Replacing Null Values
Last updated on: 2025-05-30
Null values in a DataFrame can disrupt data analysis and hinder accurate numerical computations. To ensure clean and reliable datasets, it is crucial to handle nulls properly. In this article, we explore various methods to replace null values in Apache Spark DataFrames.
Let's consider a student DataFrame containing null values:
+---+--------+-----+---------+
| ID| Name|Marks| Address|
+---+--------+-----+---------+
| 1| Ajay| 25| NULL|
| 2|Bharghav| NULL|Hyderabad|
| 3| Chaitra| 30| NULL|
| 4| NULL| 28| Bhopal|
| 5| Shohaib| NULL| Chennai|
+---+--------+-----+---------+
Method-1: Replacing Null Values in a Single Column
You can replace null values in a specific column with a constant value using na.fill()
.
val replaceSingleColumn = df.na.fill(0, Seq("Marks"))
replaceSingleColumn.show()
Output
+---+--------+-----+---------+
| ID| Name|Marks| Address|
+---+--------+-----+---------+
| 1| Ajay| 25| NULL|
| 2|Bharghav| 0|Hyderabad|
| 3| Chaitra| 30| NULL|
| 4| NULL| 28| Bhopal|
| 5| Shohaib| 0| Chennai|
+---+--------+-----+---------+
Method-2: Replace Null Values in Multiple Columns
You can replace null values in a specific column with a constant value using na.fill()
.
val replaceMultipleColumns=df.na
.fill(
Map("Marks" -> 0, "Address" -> "Unknown")
)
replaceMultipleColumns.show()
Output
+---+--------+-----+---------+
| ID| Name|Marks| Address|
+---+--------+-----+---------+
| 1| Ajay| 25| Unknown|
| 2|Bharghav| 0|Hyderabad|
| 3| Chaitra| 30| Unknown|
| 4| NULL| 28| Bhopal|
| 5| Shohaib| 0| Chennai|
+---+--------+-----+---------+
Method-3: Replace using coalesce()
The coalesce()
function returns the first non-null value from a list of inputs. It’s handy when replacing nulls in a single column.

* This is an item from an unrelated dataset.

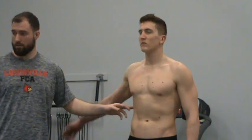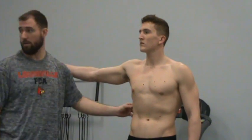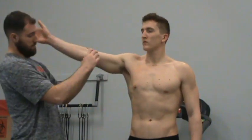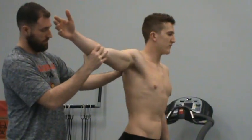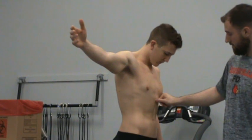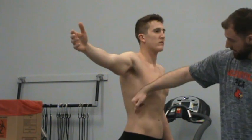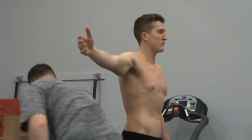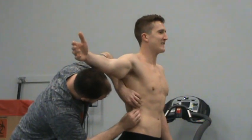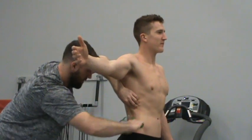Then he turns back around and I'm going to do the mid-axillary. This is going to be right at the level of his xiphoid process, going right about that level, mid-axillary, right under his armpit. Same thing — two hands, getting a good fold, caliper right under my thumb. I got a 12.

val replaceCoalesce = df.withColumn("Marks", coalesce(col("Marks"), lit(15)))
replaceCoalesce.show()
Output
+---+--------+-----+---------+
| ID| Name|Marks| Address|
+---+--------+-----+---------+
| 1| Ajay| 25| NULL|
| 2|Bharghav| 15|Hyderabad|
| 3| Chaitra| 30| NULL|
| 4| NULL| 28| Bhopal|
| 5| Shohaib| 15| Chennai|
+---+--------+-----+---------+
Method 4: Using when-otherwise
For conditional replacements, use when().otherwise()
to apply different logic for nulls.
val dfUpdated = df
.withColumn("Name", when(col("Name").isNull, "Unknown")
.otherwise(col("Name")))
.withColumn("Marks", when(col("Marks").isNull, 15)
.otherwise(col("Marks")))
.withColumn("Address", when(col("Address").isNull, "Not Provided")
.otherwise(col("Address")))
dfUpdated.show()
Output
+---+--------+-----+------------+
| ID| Name|Marks| Address|
+---+--------+-----+------------+
| 1| Ajay| 25|Not Provided|
| 2|Bharghav| 15| Hyderabad|
| 3| Chaitra| 30|Not Provided|
| 4| Unknown| 28| Bhopal|
| 5| Shohaib| 15| Chennai|
+---+--------+-----+------------+
Summary
In this article, we explored different methods to replace null values in Spark DataFrames.
-
We covered replacing nulls in a single column, multiple columns using a map, using coalesce() for fallback values, and applying conditional logic with
when().otherwise()
. -
Each method is useful based on the complexity of the replacement logic, with
na.fill()
being straightforward andwhen().otherwise()
offering greater flexibility.